Mifid II, as it’s known, aims to tighten rules on the derivatives markets to curb speculative investment and protect investors’ interests. Mifid II was one of a number of pieces of financial legislation rubber- stamped this week by the European Parliament, which meets for its final session before elections in less than six weeks.
Unsurprisingly, in light of the financial crisis, EU legislation and policymaking have been dominated by financial regulation in the past five years. Outgoing internal markets commissioner Michel Barnier, who is running himself in next month's elections, has spearheaded a raft of measures since succeeding Charlie McCreevy in the role in 2009, much to the annoyance of some in the financial services and banking industry.
New proposals on auditing, regulation of Ucits funds and consumer-friendly measures such as the right of all EU citizens, even those without a fixed address, to open bank accounts, have been pushed through in the last few weeks.
Most significant has been the new legislation on banking union. Following the announcement of the euro zone’s plan for an integrated banking system in June 2012, MEPs signed off on three of the most important elements yesterday – the banking recovery and resolution directive (BRRD), the single resolution mechanism and confirmation of the EU- wide guarantee scheme for deposits under €100,000.
Interconnected
All are interconnected: the single resolution mechanism, which will deal with the wind- up of troubled banks, will effectively implement the BRRD rules, which envisage a strict hierarchy of bank creditors to be "bailed-in" should a bank run into trouble, in a bid to avoid the burden of future bank bailouts falling on taxpayers.

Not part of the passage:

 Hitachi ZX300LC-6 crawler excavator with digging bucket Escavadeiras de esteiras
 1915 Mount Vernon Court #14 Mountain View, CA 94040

The deposit guarantee scheme – which was exposed as dangerously uncertain 13 months ago during the Cypriot bailout, when deposits of under €100,000 were initially burned – has now been incorporated into these new bail-in rules, which ensure deposits under €100,000 will never be touched in the event of a bank wind-down.
The fun isn’t over yet, however, as officials tackle the business of establishing the fund, particularly the legal challenge involved in the inter-governmental agreement that will govern how banks contributions to the €55 billion single resolution fund will be paid.